The limitation of the study is the relatively small number of subjects (97). The findings related to the age groups should be particularly interpreted with caution (as tendency) due to the small number of respondents (31, 38, and 28). However, in FFQ validation studies, similarly numbered samples (in total 48–90) were previously reported in adolescents from Denmark [43], Brazil [41], New Zealand [11], and Norway [44], and also in young Polish females [17,20]. Furthermore, similarly numbered sub-samples (40–66) were analyzed across the age, sex, or ethnicity in children and adolescents [66] and adults [39,67]. When a principal component analysis (PCA) was performed from 60 food items, the subject-to-item ratio was low (1.6:1, i.e., 97 subjects to 60 items), but for 25 food items it can be considered as sufficient (3.9:1, i.e., 97 subjects to 25 items) because it was slightly below the lower border of the recommended range of the subject-to-item ratio [68,69]. Regardless of the limitations in the PCA, it should be emphasized that the PCA was performed to assess repeatability in identifying dietary patterns, and not to interpret them comprehensively. Since only one gender group of Polish residents was selected with a narrow age range (13–21 years), these findings cannot be applied to people of different age or gender. Even so, it may be supposed that similar relations can be found in other European females of a similar age. Since dietary interviews conducted in adults are less burdened by measurement errors compared to adolescents [49], it can be speculated that this questionnaire can be used in adults of both sexes as they provide relatively reliable dietary data. In the present study, the reproducibility was assessed for a questionnaire administrated by trained interviewers, so it can be assumed that the reproducibility will be lower for a self-administered questionnaire. Previously, the better reproducibility of the interviewer-administered KomPAN® questionnaire than its self-administered version was revealed in Polish adolescents and adults [24].

5. Conclusions

The test–retest reproducibility of the 62-item FFQ-6 was good or very good for most food items, with a tendency to be higher in older age groups of females under study.
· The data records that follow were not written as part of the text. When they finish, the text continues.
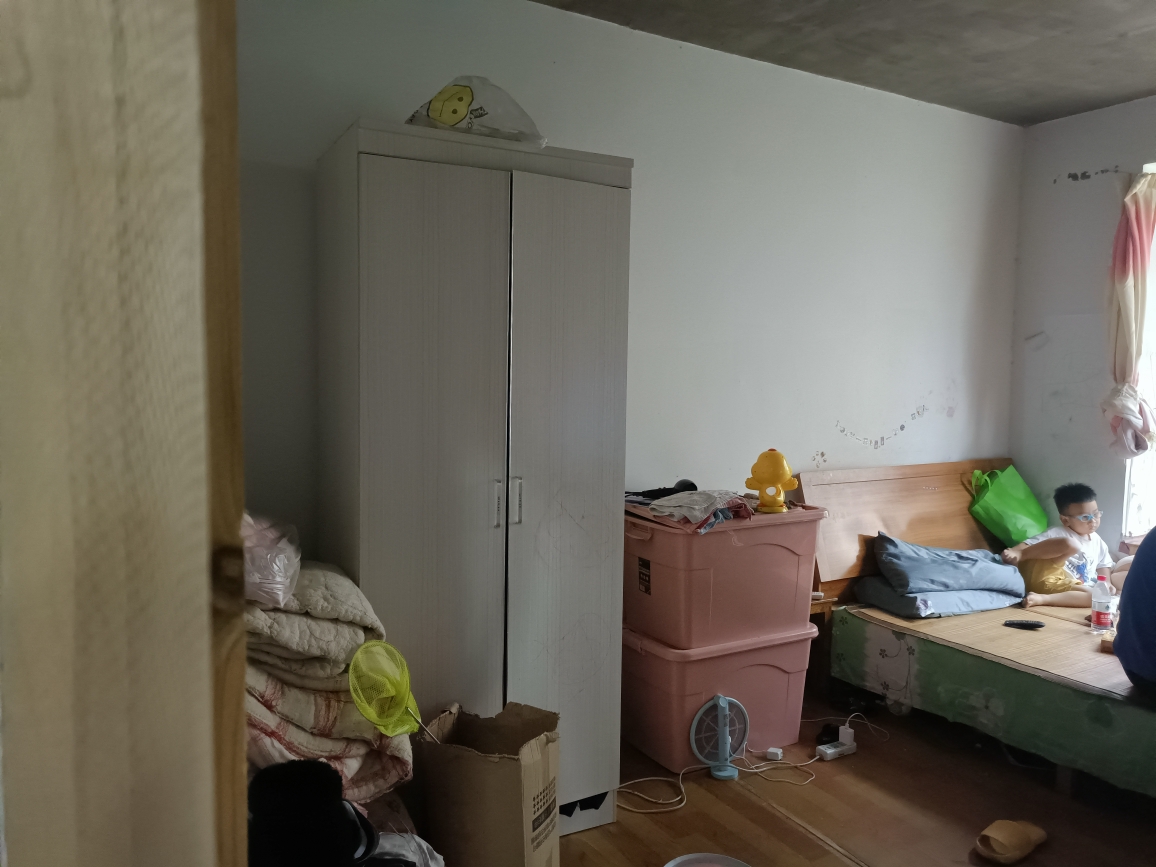 西湖小区简单装修116平方三室两厅看房方便_3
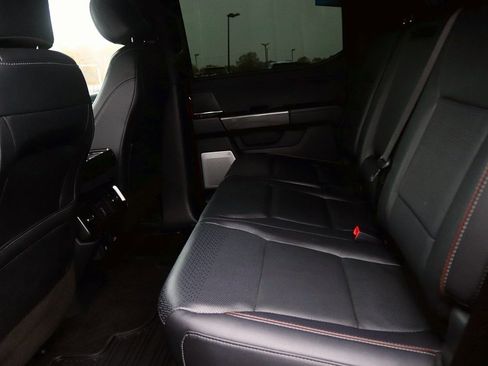 Used 2022 Ford F150 Lariat w/ Equipment Group 502A High image 17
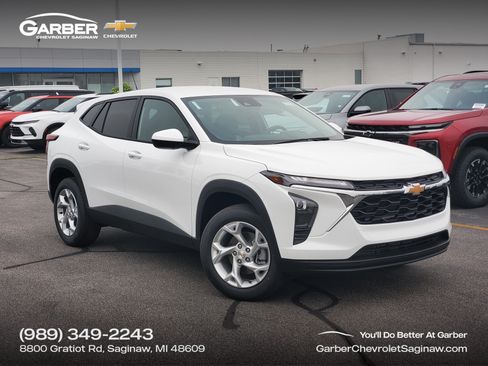 New 2026 Chevrolet Trax LS w/ LS Convenience Package FWD image 1
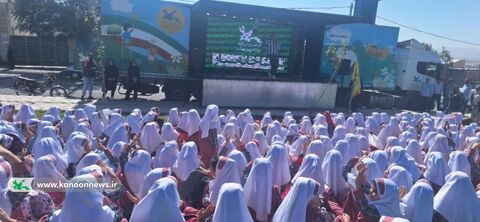 گزارش تصویری روز اول و دوم تماشاخانه سیار نمایشی در استان زنجان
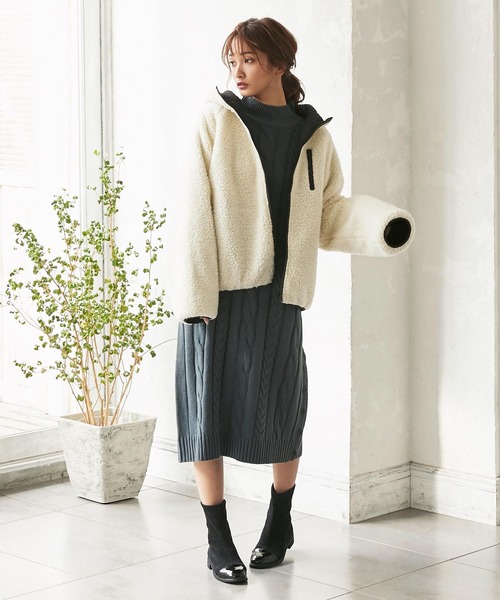 KOBE LETTUCE（コウベレタス）の「エナメル切替ラウンドトゥフラットショートブーツ（ブーツ・レディース・ブラウン/グレイッシュベージュ/ブラック・LL/S/M/L）」の13枚目の写真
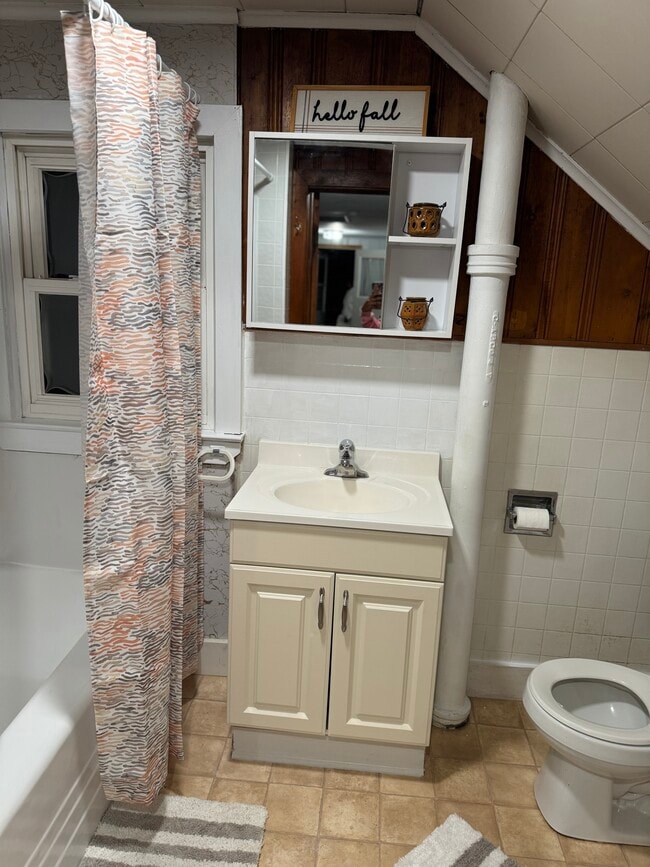 Photo - 618 Leonard Ave Unit Upper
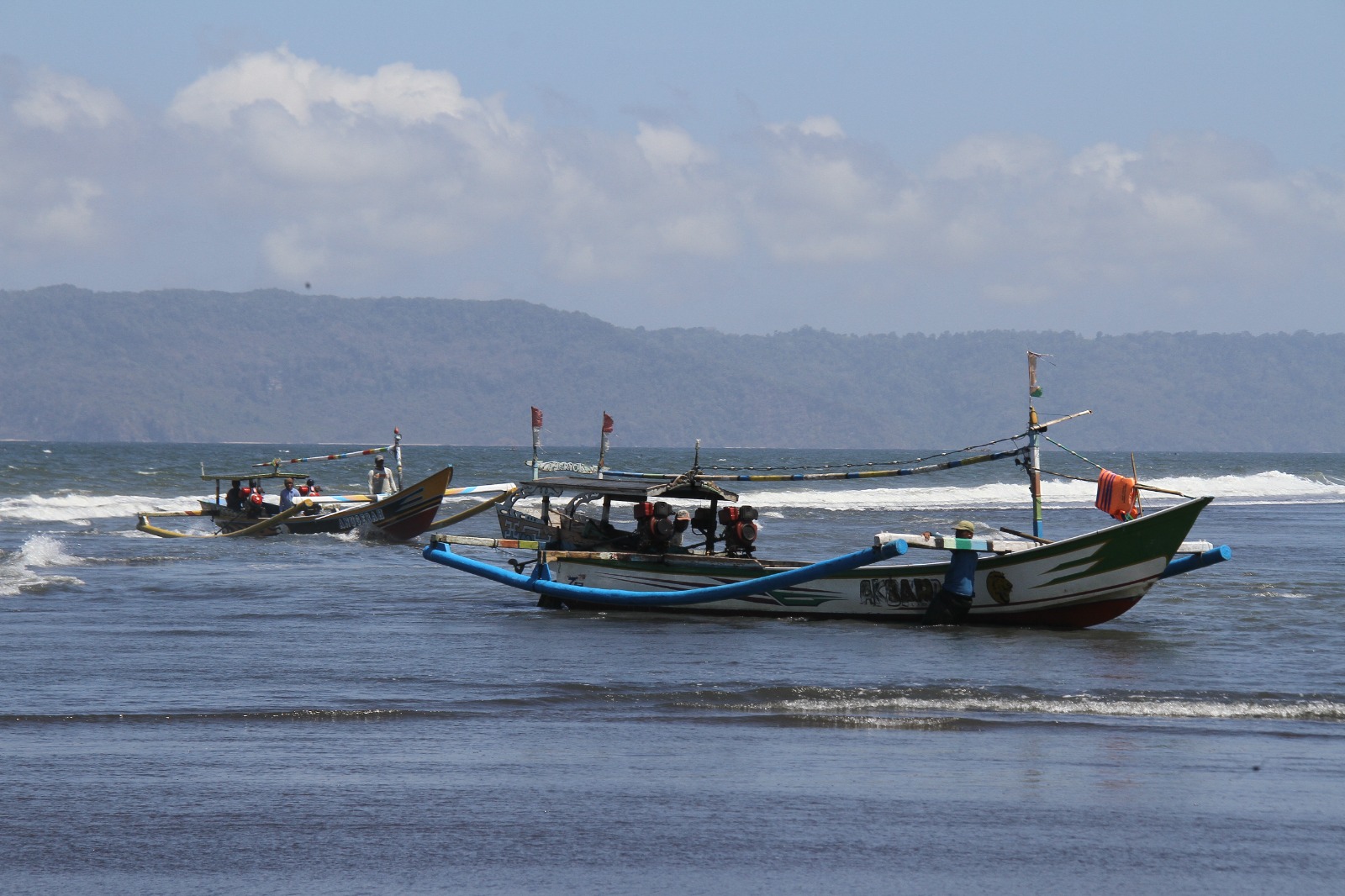 KANDAS: Dua jukung milik nelayan yang kesulitan pulang di plawangan Pantai Getem, Desa Mojomulyo, Kecamatan Puger.(JUMAI/ RADAR JEMBER)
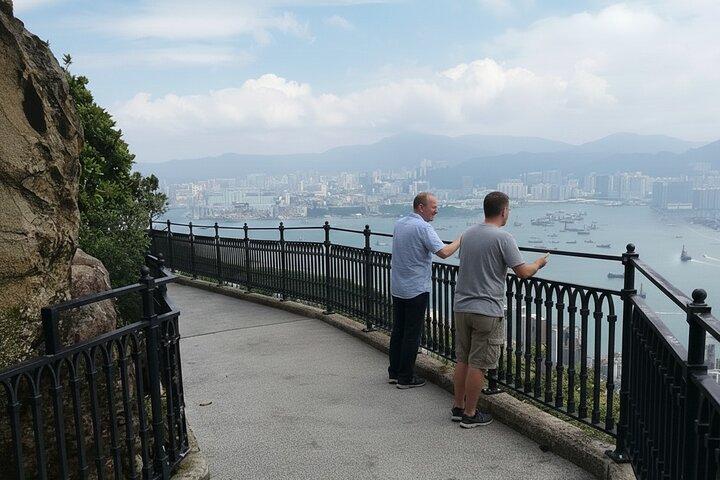 Private Tour: Full Day Highlights Tour of Hong Kong Island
Due to the acceptable-to-good reproducibility of identification of dietary patterns derived using the principal component analysis, the use of 62-item FFQ-6 to describe the overall diet of Polish young females can be recommended.

Supplementary Materials

The following are available online at https://www.mdpi.com/2072-6643/11/9/2183/s1, Table S1: Questionnaire food items (62 items) description and foods aggregation into 25 food items, Table S2: Factor loading matrix for the two major dietary patterns identified by principal component analysis with 60 food items as input variables (excluding all kinds of fruits and all kinds of vegetables), Table S3: Factor loading matrix for the two major dietary patterns identified by principal component analysis with 25 food items as input variables, Table S4: Food Frequency Questionnaire (62-item FFQ-6) including a manual for the adjustment of consumption frequency of single items of vegetables and fruits.

Author Contributions

E.N. and L.W. were involved in the conceptualization, the study design and methodology. E.N. and L.W. developed the Food Frequency Questionnaire (62-item FFQ-6); E.N., L.W. and J.K. were involved in the development of the manual for the adjustment of consumption frequency of single items of vegetables and fruits. E.N. was involved in the data acquisition. E.N. and J.K. statistically analyzed the data; E.N. and L.W. were involved in the data visualization; E.N., L.W. and J.K. interpreted the data; E.N. wrote the manuscript. L.W. and J.K. were involved in critically revising the manuscript. L.W. was involved in the funding acquisition. All authors have given their approval to the manuscript submitted.

Funding

The project was financially supported by the Ministry of Science and Higher Education in the range of the program entitled "Regional Initiative of Excellence" for the years 2019–2022, Project No. 010/RID/2018/19, amount of funding 12.000.000 PLN.

Acknowledgments

Thanks are expressed to the participants for their contribution to the study.

Conflicts of Interest

The authors declare no conflict of interest.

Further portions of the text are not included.